The Terminal List is coming back, and Prime Video isn’t easing anyone in gently. The official account confirmed the new season drops October 21, 2026, with one line doing all the promotional work: “Answers or blood?”
That’s it. That’s the whole pitch.
Chris Pratt stars as James Reece, a Navy SEAL. A mission goes catastrophically wrong, and Reece comes home to find his teammates dying, his memories shot, and a conspiracy far bigger than he expected. The first season aired on Prime Video in June 2022, adapted from Jack Carr’s bestselling novel. Carr is a former Navy SEAL himself. The books carry real authenticity, and the show brought that to the screen.
Critical reception for the first season was rough. The audience didn’t care. The Terminal List topped Prime Video’s global charts during its opening week. The show developed a particularly strong following among military and veteran communities. Part of that came from how carefully the details were handled. Roughly 10,000 likes on Thursday’s announcement says the audience is still very much there.
That tagline fits the show’s personality almost perfectly.
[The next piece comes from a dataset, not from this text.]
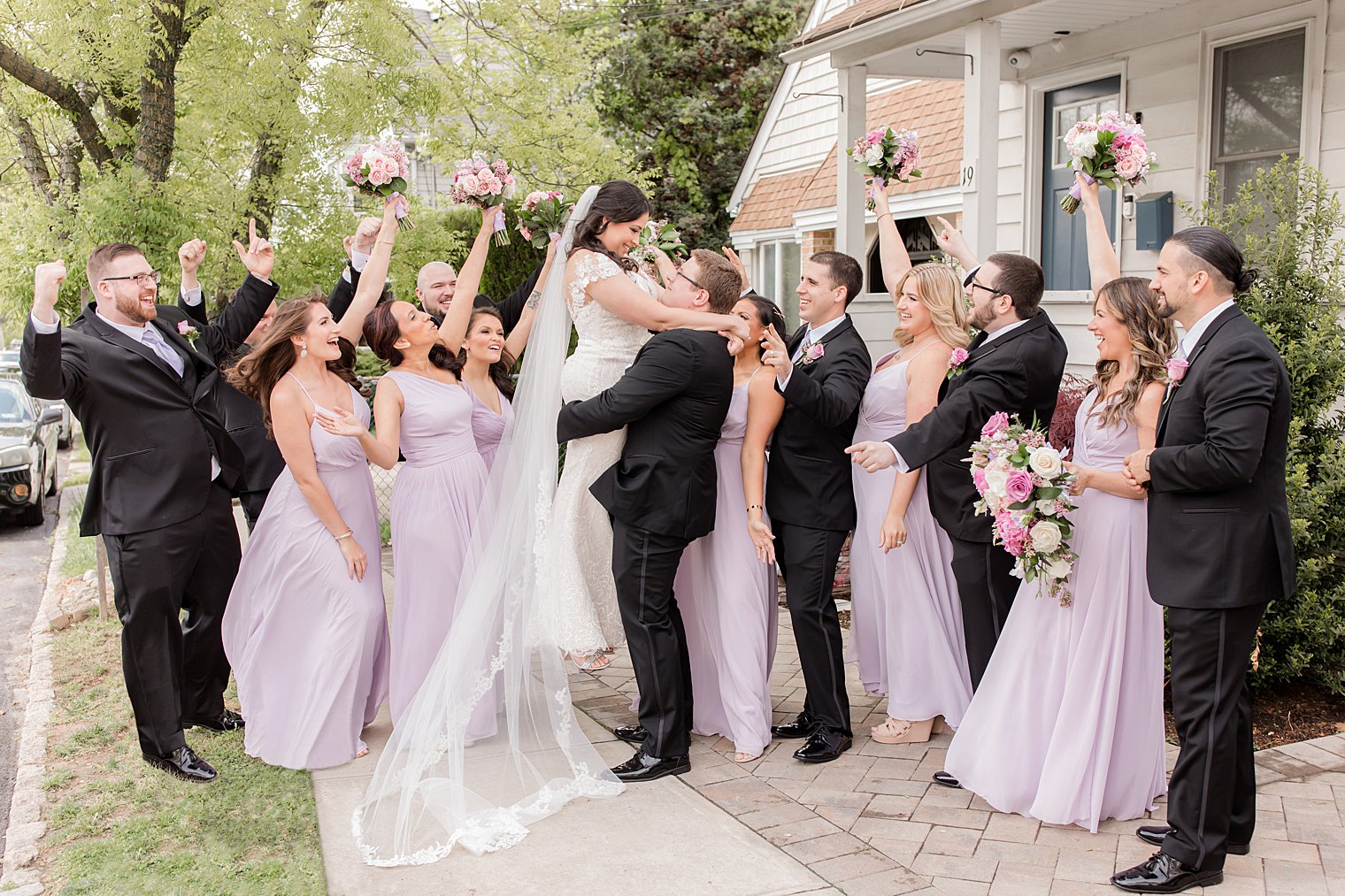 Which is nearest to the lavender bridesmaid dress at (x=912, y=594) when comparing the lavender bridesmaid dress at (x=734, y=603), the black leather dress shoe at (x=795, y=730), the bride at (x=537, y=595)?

Reece is not a character who talks through his problems. He eliminates them. The framing makes it clear the new season isn’t arriving in a softer, more reflective mode. Someone is getting held accountable. That’s the only kind of story this show tells, and the audience has zero complaints about that.
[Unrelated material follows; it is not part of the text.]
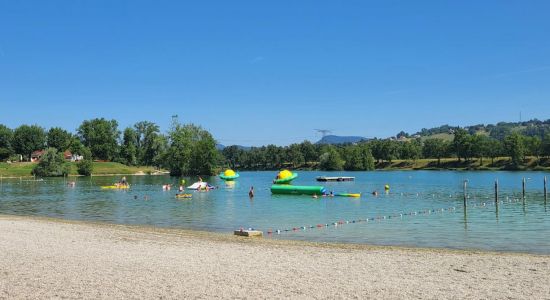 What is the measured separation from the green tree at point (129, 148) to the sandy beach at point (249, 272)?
17258cm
The announcement on The Terminal List’s official Instagram account also doubled as a push for anyone behind on the show. The post told followers to stream the previous season on Prime Video before October 21. Smart move. The Terminal List runs on serialized storytelling. Walking in cold isn’t going to work.
Prime Video hasn’t released an episode count, cast confirmations, or plot details yet. The show is keeping quiet. That tracks with how it operates. The Terminal List doesn’t tip its hand early. It never has.
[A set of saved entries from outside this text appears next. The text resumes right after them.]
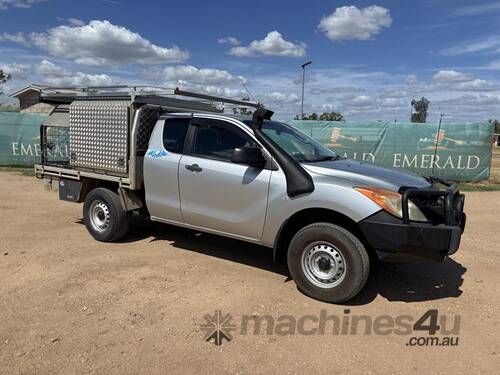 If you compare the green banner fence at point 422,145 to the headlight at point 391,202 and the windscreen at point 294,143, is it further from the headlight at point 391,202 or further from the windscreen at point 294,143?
the headlight at point 391,202

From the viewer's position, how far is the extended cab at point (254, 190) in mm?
4223

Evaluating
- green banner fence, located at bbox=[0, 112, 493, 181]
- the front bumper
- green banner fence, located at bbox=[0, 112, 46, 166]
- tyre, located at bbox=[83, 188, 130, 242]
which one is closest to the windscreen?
the front bumper

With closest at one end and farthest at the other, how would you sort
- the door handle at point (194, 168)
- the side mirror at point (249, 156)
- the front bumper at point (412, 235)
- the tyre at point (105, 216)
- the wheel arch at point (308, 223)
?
the front bumper at point (412, 235) → the wheel arch at point (308, 223) → the side mirror at point (249, 156) → the door handle at point (194, 168) → the tyre at point (105, 216)

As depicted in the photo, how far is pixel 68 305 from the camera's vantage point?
432 cm

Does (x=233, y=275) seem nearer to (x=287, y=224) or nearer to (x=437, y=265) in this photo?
(x=287, y=224)

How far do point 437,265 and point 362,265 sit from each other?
2.08 meters

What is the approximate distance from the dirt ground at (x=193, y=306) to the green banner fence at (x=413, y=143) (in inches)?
306

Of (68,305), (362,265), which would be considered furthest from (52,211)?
(362,265)

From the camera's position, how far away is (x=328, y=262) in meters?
4.48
Pratt’s work in the first season was one of the more genuinely surprising turns in recent streaming history. He spent years as Marvel’s most likable guy, built entirely around charm and crowd-pleasing energy. James Reece requires none of that. Reece is cold and methodical. Not asking anyone for permission. Pratt commits to that version of the character without hedging. It landed.
Carr’s novel series extends well past the first book. Reece goes on multiple missions across the series. There’s plenty of source material. The well isn’t dry.
Three and a half months until October 21. The teaser is doing its job. Now the season needs to deliver.
Answers or blood. Based on this show’s history, it’ll probably be both.